Cardiac Surgery Department, Gasthuisberg University Hospital, 3000, Leuven,
Belgium
Objectives: Intra- and interdepartmental benchmarking require scoring systems
with excellent performance on several properties: discrimination (resolution),
reliability (calibration) and stability over the complete spectrum of peri-procedural
risk. This single centre, single domain study validates the European system for
cardiac operative risk evaluation (EuroSCORE) on an independent sample of
primary and repeat coronary artery bypass grafting (CABG) patients and will
evaluate these different properties.
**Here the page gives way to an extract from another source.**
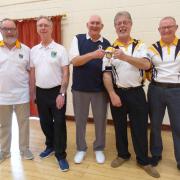 The Ashcombe players had their trophy presented by league Chairman Mike Davis (centre).
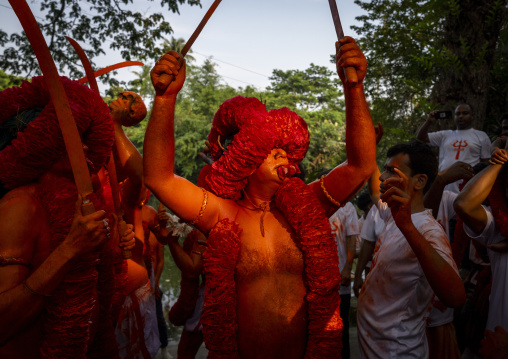 Hindu devotee with swords covered with orange color at Lal Kach festival, Dhaka Division, Munshiganj Sadar, Bangladesh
Methods: The study population is a
consecutive series of 2051 isolated primary and repeat CABG patients, inclusive
of patients in cardiogenic shock or resuscitation, operated on in a single
institution from January 1997 to July 2000. The age of the patients was 66+/-9
years, 77% were males and 7% were repeat procedures. The EuroSCORE was 5.0+/-3%,
with a range from 0 to 22. The studied event was in-hospital death, defined as
mortality during hospital stay, which was unlimited in time and included a stay
in a secondary hospital without discharge home. Results: The EuroSCORE predicted
102 deaths versus 81 deaths observed (P=0.14, Fisher exact test). The EuroSCORE
described only 20% of the variance of in-hospital mortality. The EuroSCORE
created an area under the receiver operating characteristic curve of
0.83+/-0.03. The highest discriminative accuracy was obtained with 8% EuroSCORE
risk (only 64% sensitivity and 87% specificity). Further exploration identified
an over score in the EuroSCORE range 0-8 (57%, P<0.0001). There was an equal
score (-2%, P=1) in the range 9-11, but an under score in the range 12-22
(-133%, P=0.003). Conclusions: On the condition that these single centre results
could be extended to any European cardiac surgery centre, it can be concluded
that the overall acceptable performance of the EuroSCORE is the result of an
over score in the lower risk and insufficient correction in the higher risk
spectrum. The EuroSCORE is probably refined enough for improved informed consent
versus aggregated results but should only be used for inter-institutional
benchmarking with great caution, preferably below the 12% risk pivot.